Projetar a cidade num sistema climático em grande mudança

FOTO LAPPING/ PIXABAY

O risco de sobreaquecimento provocado pelas ilhas de calor urbano (ICU)

As cidades contemporâneas enfrentam hoje situações de calor extremo que amplificam os riscos para a saúde, o conforto térmico e a qualidade de vida. São três os fatores de preocupação: i) o aquecimento global; ii) as ondas de calor, cada vez mais intensas; iii) as Ilhas de Calor Urbano (ICU), produzidas pelas próprias cidades, nos locais mais densos, mal ventilados e sem vegetação. Estas dimensões reforçam-se mutuamente: o aquecimento global eleva o fundo térmico, as ondas de calor introduzem picos extremos de temperatura e a ilha de calor urbano intensifica esses efeitos no interior da cidade, sobretudo à noite, quando o arrefecimento é mais lento do que no meio rural. O calor torna-se, assim, um problema urbano, social e de saúde pública, exigindo mitigação, adaptação e proteção dos grupos mais vulneráveis.

A frase atribuída a John Holdren, “mitigar, adap­tar ou sofrer”, relativa às opções da humanida­de perante as alterações climáticas, adquire nas cidades uma expressão particularmente concreta. Mitigar consiste em atuar sobre as causas do aquecimento, reduzindo emissões, tornando o consumo energético mais eficiente. Criar medidas de mitigação nas cidades é uma opção indispensável, mas particularmente difícil, porque implica atuar sobre sistemas complexos, energia, mobilidade, construção, consumo, uso do solo entre outros fatores. Embora as cidades possam reduzir emissões, promover a descarbonização depende da concertação entre estados e grandes regiões. Sem políticas internacionais coerentes de descarbonização energética, financiamento, regulação e proteção ambiental, a mitigação urbana permanece limitada. Além disso, este esforço não pode ser separado da preservação dos grandes sumidouros de carbono do plane­ta, florestas, solos, zonas húmidas, oceanos e outros grandes ecossistemas naturais, cuja destruição compromete a capacidade global de absorver carbono e agrava o aquecimento que as cidades procuram combater.

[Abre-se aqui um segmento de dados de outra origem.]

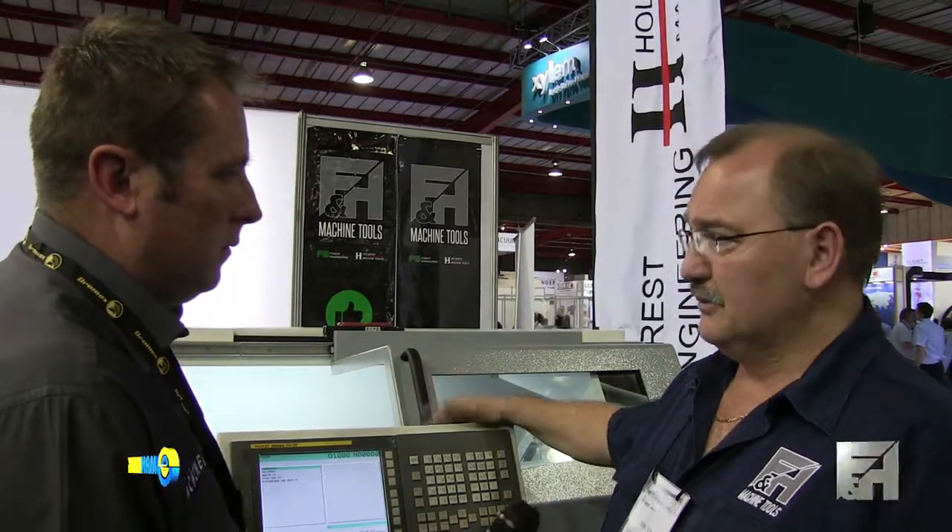I believe it's very well priced in the South African market. This machine is, at this stage, 950,000 at the show price. And also the Harrison Alpha 1550, which is a 2-meter machine with a 550 swing over the bed, is going for 1.2 million at this stage.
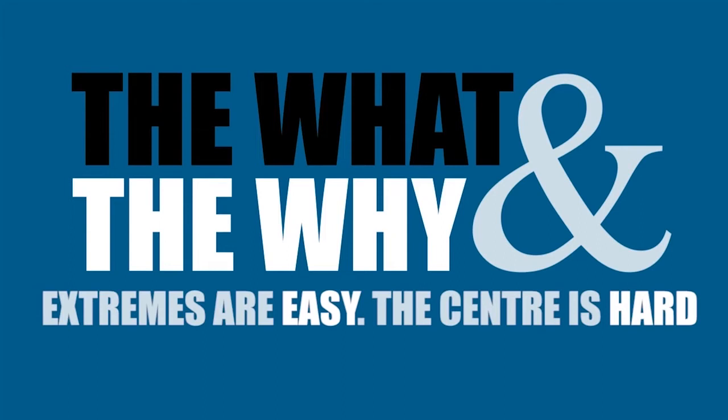Tim Marshall's new book, Worth Dying For, digs into the power and the politics of flags. When I talked to Tim earlier, I asked him to remind me where the saltire comes from.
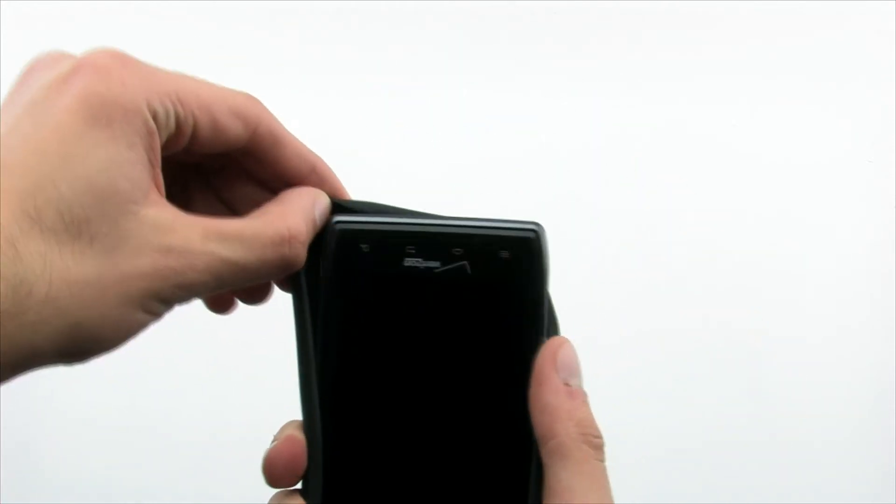The skin is easy to put onto the Droid Razr. Simply slide the top of the device into the skin and pull the bottom over the corners to ensure a proper fit.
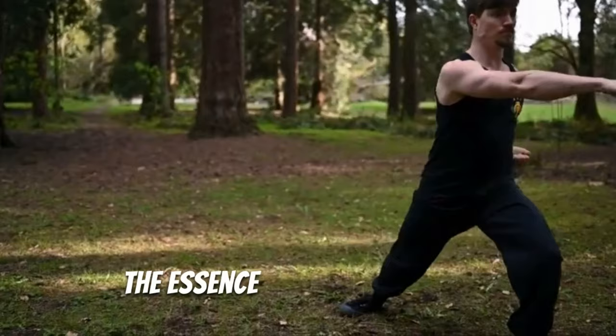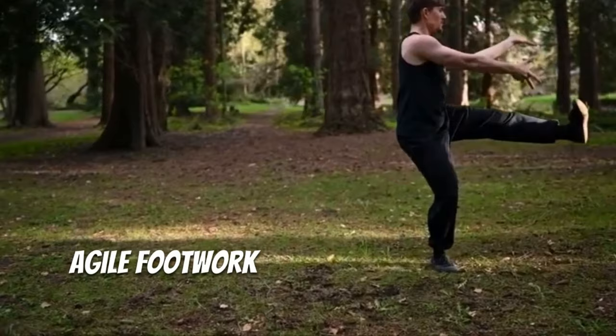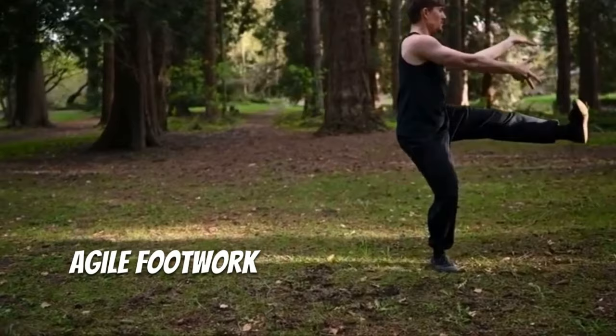The essence of Fu Jiao Pai lies in its imitation of the tiger's movements. This style is known for its powerful strikes, agile footwork, and ferocious claw-like hand techniques designed to overwhelm opponents with speed and precision.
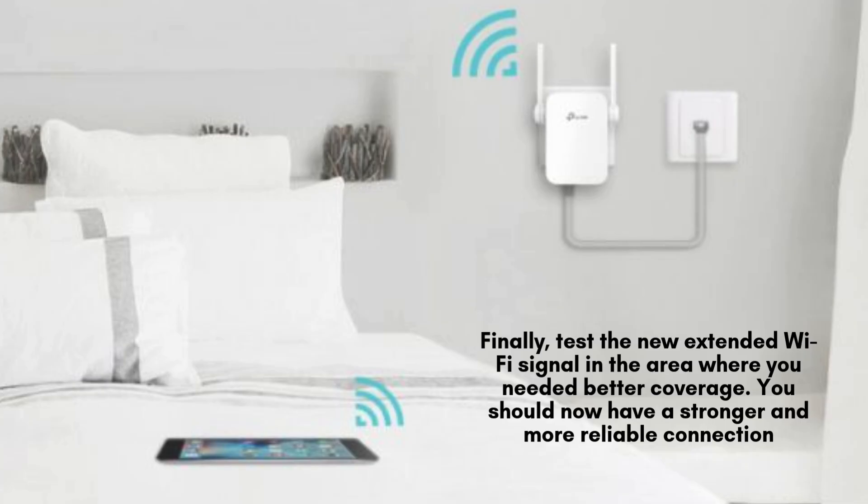Finally, check the extended Wi-Fi signal in the area where coverage was weak. You should notice a stronger and more stable connection. This confirms that your TP-Link extender is working properly and effectively boosting your network's range.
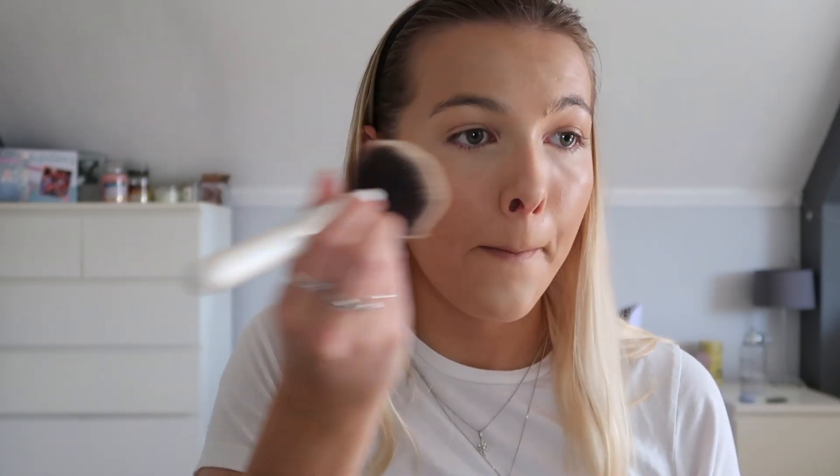So that is the concealer done - as you can see it's really brightened up my under eye and my skin looks pretty flawless. I'm going to finish the bronzing and highlighting at the end once I've finished the eyes. For the powder we are going in with my Laura Mercier Translucent Powder - literally my favourite powder ever - just to set the base and make sure it's not going anywhere. The skin looks really nice and flawless.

O balanço energético urbano e a itensidade das ICU

O fator mais passível de controlo é o padrão térmico conhecido como ilha de calor urbano (ICU), que ocorre quando a atmosfera urbana apresenta temperaturas superiores às dos espaços envolventes, mais ruralizados. Este fenómeno resulta da impermeabilização dos solos, da escassez de vegetação, do uso de materiais de construção inadequados, do calor libertado pelas atividades humanas e da fraca ventilação, tornando as áreas urbanas frequentemente mais quentes. As ICU tendem a ser mais intensas no final do dia e durante o período noturno.

A forma mais simplificada de medir a sua intensidade (IICU), é através da fórmula ΔTu-r (diferença da temperatura, num determinado momento, num ponto da cidade, dentro da camada limite urbana inferior1, e em espaço rural). Mas independentemente do método utilizado para calcular a IICU (Lopes, 2013), é necessário resolver as múltiplas reflexões nas superfícies, os fluxos turbulentos de calor (sensível e latente), a advecção e a libertação do calor antrópico decorrente das nossas ativi­dades (motores de combustão, aparelhos de ar condicionado, calor metabólico, etc.) (...)

Autores António Lopes1,2, Cláudia Reis1,2, Luiz Fernando Kowalski3, Tiago Silva1,2 e Márcia Matias1,2
1 Universidade de Lisboa, Instituto de Geografia e Ordenamento do Território (IGOT), Centro de Estudos Geográficos, Lisboa, Portugal.
2 Laboratório Associado TERRA, Portugal.
3 Departamento de Engenharia, Centro Universitário Adventista de São Paulo (UNASP), Brasil.

Leia o artigo publicado na Construção Magazine nº134, julho/ agosto de 2026, dedicada ao tema "Desafios das alterações climáticas na construção"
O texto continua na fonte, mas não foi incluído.